- _Exercise_: Go through the entries below and write each one out exactly.

[Short descriptive text snippets]
....
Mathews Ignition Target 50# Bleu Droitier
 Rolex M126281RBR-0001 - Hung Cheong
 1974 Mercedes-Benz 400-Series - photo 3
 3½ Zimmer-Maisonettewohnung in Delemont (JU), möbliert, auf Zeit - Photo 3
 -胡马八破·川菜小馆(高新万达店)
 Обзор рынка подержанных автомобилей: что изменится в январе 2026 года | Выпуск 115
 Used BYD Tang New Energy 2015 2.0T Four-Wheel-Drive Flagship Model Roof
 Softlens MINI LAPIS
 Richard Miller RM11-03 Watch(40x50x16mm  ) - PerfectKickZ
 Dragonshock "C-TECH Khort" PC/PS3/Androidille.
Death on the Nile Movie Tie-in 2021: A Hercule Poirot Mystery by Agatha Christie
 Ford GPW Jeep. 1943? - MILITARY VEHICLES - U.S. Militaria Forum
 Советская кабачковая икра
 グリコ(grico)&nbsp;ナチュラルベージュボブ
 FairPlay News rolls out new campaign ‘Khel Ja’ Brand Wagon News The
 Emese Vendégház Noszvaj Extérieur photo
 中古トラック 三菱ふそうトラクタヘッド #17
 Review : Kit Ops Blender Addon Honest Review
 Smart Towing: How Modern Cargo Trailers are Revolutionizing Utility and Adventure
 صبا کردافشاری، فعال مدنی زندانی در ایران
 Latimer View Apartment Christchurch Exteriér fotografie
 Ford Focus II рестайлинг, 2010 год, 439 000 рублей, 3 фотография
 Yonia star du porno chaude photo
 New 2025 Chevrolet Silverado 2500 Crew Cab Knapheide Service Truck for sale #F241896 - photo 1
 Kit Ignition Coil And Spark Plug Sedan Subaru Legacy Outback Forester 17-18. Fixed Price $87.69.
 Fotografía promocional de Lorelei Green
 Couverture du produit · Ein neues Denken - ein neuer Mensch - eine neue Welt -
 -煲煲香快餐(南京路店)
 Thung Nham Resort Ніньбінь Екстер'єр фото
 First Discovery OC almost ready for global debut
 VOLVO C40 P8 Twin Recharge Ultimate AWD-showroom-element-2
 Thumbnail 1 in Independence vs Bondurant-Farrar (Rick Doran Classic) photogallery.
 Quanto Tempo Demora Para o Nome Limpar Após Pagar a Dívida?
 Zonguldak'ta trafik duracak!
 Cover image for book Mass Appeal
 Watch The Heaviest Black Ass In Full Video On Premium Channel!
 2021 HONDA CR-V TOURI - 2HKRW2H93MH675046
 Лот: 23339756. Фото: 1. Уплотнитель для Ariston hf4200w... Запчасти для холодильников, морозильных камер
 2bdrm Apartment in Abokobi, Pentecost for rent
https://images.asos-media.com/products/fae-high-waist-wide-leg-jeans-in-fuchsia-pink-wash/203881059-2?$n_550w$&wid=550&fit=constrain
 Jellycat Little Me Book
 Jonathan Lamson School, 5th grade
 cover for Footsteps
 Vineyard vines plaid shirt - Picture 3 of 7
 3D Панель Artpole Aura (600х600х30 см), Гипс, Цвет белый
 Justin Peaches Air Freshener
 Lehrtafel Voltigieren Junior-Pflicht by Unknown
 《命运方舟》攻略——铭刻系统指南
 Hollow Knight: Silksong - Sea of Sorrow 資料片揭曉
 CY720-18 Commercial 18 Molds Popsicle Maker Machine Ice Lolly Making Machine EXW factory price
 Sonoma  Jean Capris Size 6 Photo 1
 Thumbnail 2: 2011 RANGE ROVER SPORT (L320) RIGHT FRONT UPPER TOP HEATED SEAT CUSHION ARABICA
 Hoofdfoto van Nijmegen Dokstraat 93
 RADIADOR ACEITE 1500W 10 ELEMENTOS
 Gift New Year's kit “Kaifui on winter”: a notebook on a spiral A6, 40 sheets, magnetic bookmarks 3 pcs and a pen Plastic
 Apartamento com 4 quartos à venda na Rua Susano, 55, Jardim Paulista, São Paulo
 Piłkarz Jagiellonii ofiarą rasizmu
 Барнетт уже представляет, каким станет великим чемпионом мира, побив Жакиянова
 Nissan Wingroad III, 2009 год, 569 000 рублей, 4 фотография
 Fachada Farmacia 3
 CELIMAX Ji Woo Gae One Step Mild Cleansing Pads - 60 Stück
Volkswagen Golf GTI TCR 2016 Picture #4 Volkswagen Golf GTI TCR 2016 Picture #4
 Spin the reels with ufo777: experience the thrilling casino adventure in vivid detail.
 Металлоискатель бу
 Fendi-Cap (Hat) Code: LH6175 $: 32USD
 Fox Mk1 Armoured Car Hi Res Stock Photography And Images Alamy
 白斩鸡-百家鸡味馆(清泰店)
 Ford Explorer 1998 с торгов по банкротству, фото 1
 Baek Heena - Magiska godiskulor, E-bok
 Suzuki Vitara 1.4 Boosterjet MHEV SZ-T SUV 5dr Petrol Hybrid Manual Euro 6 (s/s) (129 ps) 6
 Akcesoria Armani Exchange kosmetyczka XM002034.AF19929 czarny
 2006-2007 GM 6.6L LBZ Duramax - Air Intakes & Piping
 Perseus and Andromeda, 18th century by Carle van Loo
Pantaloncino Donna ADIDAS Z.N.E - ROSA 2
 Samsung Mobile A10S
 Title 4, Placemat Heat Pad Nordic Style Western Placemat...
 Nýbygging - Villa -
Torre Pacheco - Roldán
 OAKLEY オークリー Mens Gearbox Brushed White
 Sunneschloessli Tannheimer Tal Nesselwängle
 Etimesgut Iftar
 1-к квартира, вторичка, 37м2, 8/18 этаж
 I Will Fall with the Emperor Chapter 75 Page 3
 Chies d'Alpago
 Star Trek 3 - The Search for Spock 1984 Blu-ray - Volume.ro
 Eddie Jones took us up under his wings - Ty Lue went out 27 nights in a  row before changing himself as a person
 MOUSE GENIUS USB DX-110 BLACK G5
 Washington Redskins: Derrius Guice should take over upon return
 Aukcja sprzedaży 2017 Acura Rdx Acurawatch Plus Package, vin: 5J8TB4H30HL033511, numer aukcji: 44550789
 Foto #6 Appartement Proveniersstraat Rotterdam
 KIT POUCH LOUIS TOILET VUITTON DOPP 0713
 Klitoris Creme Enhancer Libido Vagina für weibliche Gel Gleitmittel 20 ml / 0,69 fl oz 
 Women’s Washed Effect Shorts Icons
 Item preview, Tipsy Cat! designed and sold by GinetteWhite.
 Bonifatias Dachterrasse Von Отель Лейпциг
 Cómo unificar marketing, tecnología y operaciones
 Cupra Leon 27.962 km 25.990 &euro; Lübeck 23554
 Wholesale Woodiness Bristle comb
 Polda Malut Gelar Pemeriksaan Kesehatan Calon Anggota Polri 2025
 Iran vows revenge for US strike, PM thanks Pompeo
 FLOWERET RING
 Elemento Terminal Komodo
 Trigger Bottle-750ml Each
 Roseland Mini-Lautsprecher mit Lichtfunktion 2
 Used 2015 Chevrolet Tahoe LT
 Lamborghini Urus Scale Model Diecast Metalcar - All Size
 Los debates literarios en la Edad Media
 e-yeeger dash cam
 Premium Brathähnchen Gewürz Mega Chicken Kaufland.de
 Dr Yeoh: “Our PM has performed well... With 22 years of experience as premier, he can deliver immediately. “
....
- _The completed task_:
Mathews Ignition Target 50# Bleu Droitier
 Rolex M126281RBR-0001 - Hung Cheong
 1974 Mercedes-Benz 400-Series - photo 3
 3½ Zimmer-Maisonettewohnung in Delemont (JU), möbliert, auf Zeit - Photo 3
 -胡马八破·川菜小馆(高新万达店)
 Обзор рынка подержанных автомобилей: что изменится в январе 2026 года | Выпуск 115
 Used BYD Tang New Energy 2015 2.0T Four-Wheel-Drive Flagship Model Roof
 Softlens MINI LAPIS
 Richard Miller RM11-03 Watch(40x50x16mm  ) - PerfectKickZ
 Dragonshock "C-TECH Khort" PC/PS3/Androidille.
Death on the Nile Movie Tie-in 2021: A Hercule Poirot Mystery by Agatha Christie
 Ford GPW Jeep. 1943? - MILITARY VEHICLES - U.S. Militaria Forum
 Советская кабачковая икра
 グリコ(grico)&nbsp;ナチュラルベージュボブ
 FairPlay News rolls out new campaign ‘Khel Ja’ Brand Wagon News The
 Emese Vendégház Noszvaj Extérieur photo
 中古トラック 三菱ふそうトラクタヘッド #17
 Review : Kit Ops Blender Addon Honest Review
 Smart Towing: How Modern Cargo Trailers are Revolutionizing Utility and Adventure
 صبا کردافشاری، فعال مدنی زندانی در ایران
 Latimer View Apartment Christchurch Exteriér fotografie
 Ford Focus II рестайлинг, 2010 год, 439 000 рублей, 3 фотография
 Yonia star du porno chaude photo
 New 2025 Chevrolet Silverado 2500 Crew Cab Knapheide Service Truck for sale #F241896 - photo 1
 Kit Ignition Coil And Spark Plug Sedan Subaru Legacy Outback Forester 17-18. Fixed Price $87.69.
 Fotografía promocional de Lorelei Green
 Couverture du produit · Ein neues Denken - ein neuer Mensch - eine neue Welt -
 -煲煲香快餐(南京路店)
 Thung Nham Resort Ніньбінь Екстер'єр фото
 First Discovery OC almost ready for global debut
 VOLVO C40 P8 Twin Recharge Ultimate AWD-showroom-element-2
 Thumbnail 1 in Independence vs Bondurant-Farrar (Rick Doran Classic) photogallery.
 Quanto Tempo Demora Para o Nome Limpar Após Pagar a Dívida?
 Zonguldak'ta trafik duracak!
 Cover image for book Mass Appeal
 Watch The Heaviest Black Ass In Full Video On Premium Channel!
 2021 HONDA CR-V TOURI - 2HKRW2H93MH675046
 Лот: 23339756. Фото: 1. Уплотнитель для Ariston hf4200w... Запчасти для холодильников, морозильных камер
 2bdrm Apartment in Abokobi, Pentecost for rent
https://images.asos-media.com/products/fae-high-waist-wide-leg-jeans-in-fuchsia-pink-wash/203881059-2?$n_550w$&wid=550&fit=constrain
 Jellycat Little Me Book
 Jonathan Lamson School, 5th grade
 cover for Footsteps
 Vineyard vines plaid shirt - Picture 3 of 7
 3D Панель Artpole Aura (600х600х30 см), Гипс, Цвет белый
 Justin Peaches Air Freshener
 Lehrtafel Voltigieren Junior-Pflicht by Unknown
 《命运方舟》攻略——铭刻系统指南
 Hollow Knight: Silksong - Sea of Sorrow 資料片揭曉
 CY720-18 Commercial 18 Molds Popsicle Maker Machine Ice Lolly Making Machine EXW factory price
 Sonoma  Jean Capris Size 6 Photo 1
 Thumbnail 2: 2011 RANGE ROVER SPORT (L320) RIGHT FRONT UPPER TOP HEATED SEAT CUSHION ARABICA
 Hoofdfoto van Nijmegen Dokstraat 93
 RADIADOR ACEITE 1500W 10 ELEMENTOS
 Gift New Year's kit “Kaifui on winter”: a notebook on a spiral A6, 40 sheets, magnetic bookmarks 3 pcs and a pen Plastic
 Apartamento com 4 quartos à venda na Rua Susano, 55, Jardim Paulista, São Paulo
 Piłkarz Jagiellonii ofiarą rasizmu
 Барнетт уже представляет, каким станет великим чемпионом мира, побив Жакиянова
 Nissan Wingroad III, 2009 год, 569 000 рублей, 4 фотография
 Fachada Farmacia 3
 CELIMAX Ji Woo Gae One Step Mild Cleansing Pads - 60 Stück
Volkswagen Golf GTI TCR 2016 Picture #4 Volkswagen Golf GTI TCR 2016 Picture #4
 Spin the reels with ufo777: experience the thrilling casino adventure in vivid detail.
 Металлоискатель бу
 Fendi-Cap (Hat) Code: LH6175 $: 32USD
 Fox Mk1 Armoured Car Hi Res Stock Photography And Images Alamy
 白斩鸡-百家鸡味馆(清泰店)
 Ford Explorer 1998 с торгов по банкротству, фото 1
 Baek Heena - Magiska godiskulor, E-bok
 Suzuki Vitara 1.4 Boosterjet MHEV SZ-T SUV 5dr Petrol Hybrid Manual Euro 6 (s/s) (129 ps) 6
 Akcesoria Armani Exchange kosmetyczka XM002034.AF19929 czarny
 2006-2007 GM 6.6L LBZ Duramax - Air Intakes & Piping
 Perseus and Andromeda, 18th century by Carle van Loo
Pantaloncino Donna ADIDAS Z.N.E - ROSA 2
 Samsung Mobile A10S
 Title 4, Placemat Heat Pad Nordic Style Western Placemat...
 Nýbygging - Villa -
Torre Pacheco - Roldán
 OAKLEY オークリー Mens Gearbox Brushed White
 Sunneschloessli Tannheimer Tal Nesselwängle
 Etimesgut Iftar
 1-к квартира, вторичка, 37м2, 8/18 этаж
 I Will Fall with the Emperor Chapter 75 Page 3
 Chies d'Alpago
 Star Trek 3 - The Search for Spock 1984 Blu-ray - Volume.ro
 Eddie Jones took us up under his wings - Ty Lue went out 27 nights in a  row before changing himself as a person
 MOUSE GENIUS USB DX-110 BLACK G5
 Washington Redskins: Derrius Guice should take over upon return
 Aukcja sprzedaży 2017 Acura Rdx Acurawatch Plus Package, vin: 5J8TB4H30HL033511, numer aukcji: 44550789
 Foto #6 Appartement Proveniersstraat Rotterdam
 KIT POUCH LOUIS TOILET VUITTON DOPP 0713
 Klitoris Creme Enhancer Libido Vagina für weibliche Gel Gleitmittel 20 ml / 0,69 fl oz 
 Women’s Washed Effect Shorts Icons
 Item preview, Tipsy Cat! designed and sold by GinetteWhite.
 Bonifatias Dachterrasse Von Отель Лейпциг
 Cómo unificar marketing, tecnología y operaciones
 Cupra Leon 27.962 km 25.990 &euro; Lübeck 23554
 Wholesale Woodiness Bristle comb
 Polda Malut Gelar Pemeriksaan Kesehatan Calon Anggota Polri 2025
 Iran vows revenge for US strike, PM thanks Pompeo
 FLOWERET RING
 Elemento Terminal Komodo
 Trigger Bottle-750ml Each
 Roseland Mini-Lautsprecher mit Lichtfunktion 2
 Used 2015 Chevrolet Tahoe LT
 Lamborghini Urus Scale Model Diecast Metalcar - All Size
 Los debates literarios en la Edad Media
 e-yeeger dash cam
 Premium Brathähnchen Gewürz Mega Chicken Kaufland.de
 Dr Yeoh: “Our PM has performed well... With 22 years of experience as premier, he can deliver immediately. “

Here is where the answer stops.